Combining Named Entities with WordNet and Using Query-Oriented Spreading Activation for Semantic Text Search
This work addresses semantic text search for users needing more accurate document retrieval, though it is incremental as it builds on existing ontology and spreading activation methods.
The paper tackles the problem of keyword-based text search by proposing an ontology-based generalized Vector Space Model that combines named entities and WordNet with query-oriented spreading activation, resulting in a 42.5% improvement in MAP over purely keyword-based models.

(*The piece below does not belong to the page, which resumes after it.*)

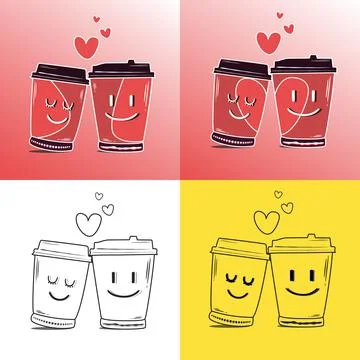Cute coffee cup with a smiley face Stock Illustration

Purely keyword-based text search is not satisfactory because named entities and WordNet words are also important elements to define the content of a document or a query in which they occur. Named entities have ontological features, namely, their aliases, classes, and identifiers. Words in WordNet also have ontological features, namely, their synonyms, hypernyms, hyponyms, and senses. Those features of concepts may be hidden from their textual appearance. Besides, there are related concepts that do not appear in a query, but can bring out the meaning of the query if they are added. We propose an ontology-based generalized Vector Space Model to semantic text search. It exploits ontological features of named entities and WordNet words, and develops a query-oriented spreading activation algorithm to expand queries. In addition, it combines and utilizes advantages of different ontologies for semantic annotation and searching. Experiments on a benchmark dataset show that, in terms of the MAP measure, our model is 42.5% better than the purely keyword-based model, and 32.3% and 15.9% respectively better than the ones using only WordNet or named entities. Keywords: semantic search, spreading activation, ontology, named entity, WordNet.